Cotygodniowy felieton z "Gościa Niedzielnego" (13/2001)
Prezydent Aleksander Kwaśniewski stanął w obronie swojego ministra Andrzeja Majkowskiego, który — jak przypomniała „Gazeta Polska” — w 1968 r. publicznie wzywał do czystek rasowych i walki z syjonistami. Wypowiedzi Majkowskiego, obszernie cytowane przez gazetę, oburzyły część polityków AWS i Unii Wolności, którzy domagali się dymisji ministra. Sam zainteresowany tłumaczył, że dał się wykorzystać w kampanii antysemickiej i tamto wystąpienie traktuje jako błąd młodości. Zapewniał też, że nie był i nie jest antysemitą, a nawet ma bardzo dobre kontakty ze środowiskami żydowskimi. Oczywiście, nie widzi nic niestosownego w tym, że od kilku lat zajmuje się polityką zagraniczną w Kancelarii Prezydenta. Co więcej: wraz z prezydentem wybiera się na uroczystości do Jedwabnego, podczas których Aleksander Kwaśniewski zamierza przeprosić za udział Polaków w mordzie na żydowskich mieszkańcach.

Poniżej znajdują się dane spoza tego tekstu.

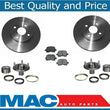 Fits For 98-02 Corolla Prizm Front Brake Rotors & Ceramic Pads Hub & Bearings 5p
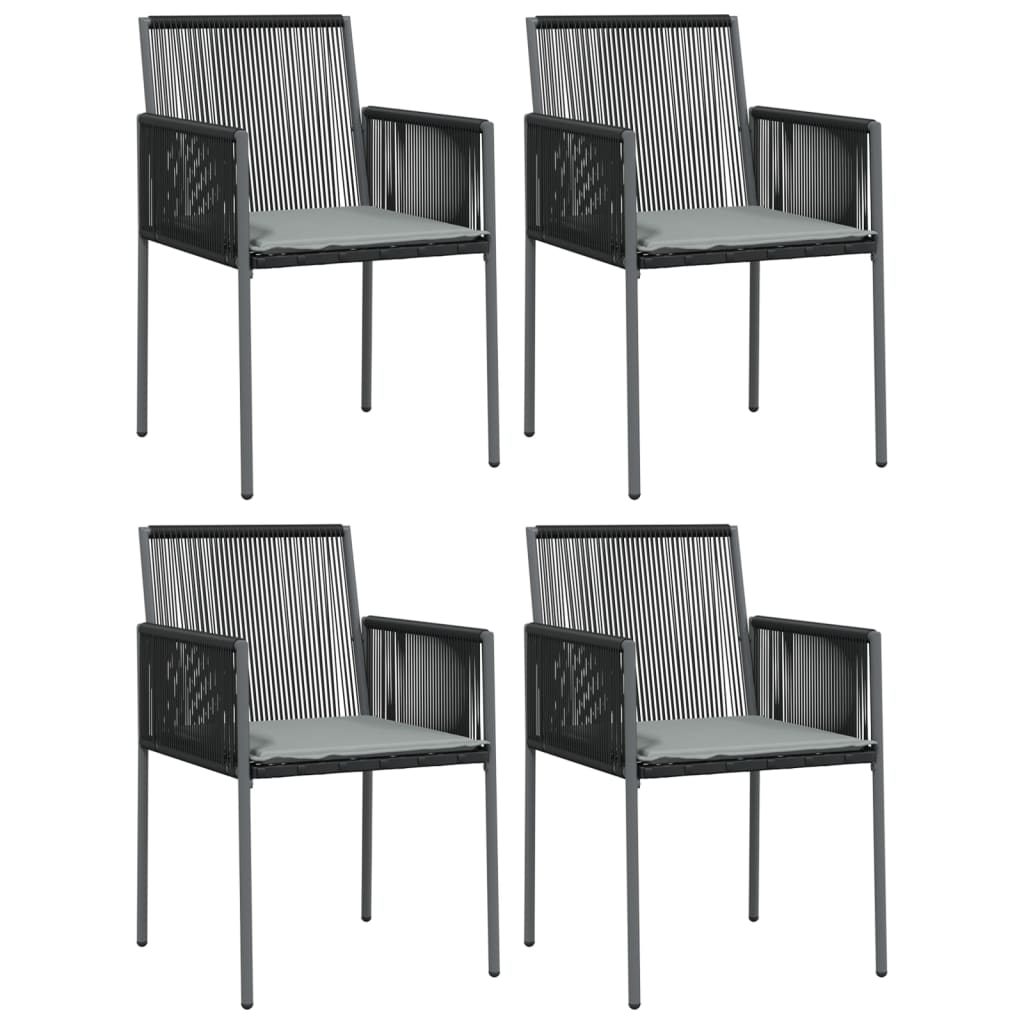 5 Piece Patio Dining Set with Cushions Black Poly Rattan and Steel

Trudno dziwić się ministrowi Majkowskiemu, że tak łatwo rozgrzesza się z przeszłości i że nie dostrzega, łagodnie mówiąc: niezręczności sytuacji. Jest on typowym przykładem sukcesu człowieka PRL-u: od działalności w ZSP, ZMS i PZPR, przez stanowisko prezesa Polskiego Związku Lekkiej Atletyki oraz ambasadora, aż po prezydenckiego ministra. Mógł więc po drodze zagubić wyczucie tego, co przystoi osobie działającej publicznie, a co ją dyskredytuje.
Zdumiewa natomiast postawa Aleksandra Kwaśniewskiego, który takim ludziom ufa i powierza im kreowanie prezydenckiej polityki. Dziwi, jak wiele błędów i skandalicznych zachowań prezydent jest w stanie wybaczyć swoim urzędnikom. Nie tak dawno usprawiedliwiał „nieustatkowanie” ministra Marka Siwca, który był już bohaterem kilku skandali. Nie przeszkadzało mu też to, iż minister Majkowski przyznał się w oświadczeniu lustracyjnym do współpracy z służbami specjalnymi PRL. Czy w tej sytuacji prezydenckie słowa przeprosin w Jedwabnem będą szczere i wiarygodne? Czy można potępiać antysemityzm prowadzący do masowej egzekucji i równocześnie bagatelizować antysemityzm, który tylko „podgrzewał atmosferę”, szkalował i w efekcie zmusił wielu Żydów do ucieczki z Polski?
Dyskusja wokół dymisji ministra Majkowskiego miała też pozytywny aspekt. Udowodniła bowiem, że w coraz większym stopniu od polityka oczekuje się uczciwości i „przejrzystości”. Żadne jego działanie, ani słowa nie są zapominane i nie ulegają przedawnieniu. Nawet „błędy młodości” bywają przyczyną kompromitacji. Chyba że jest się urzędnikiem Kancelarii Prezydenta, gdzie — jak dowodzą ostatnie wydarzenia — panuje w tym względzie większa tolerancja.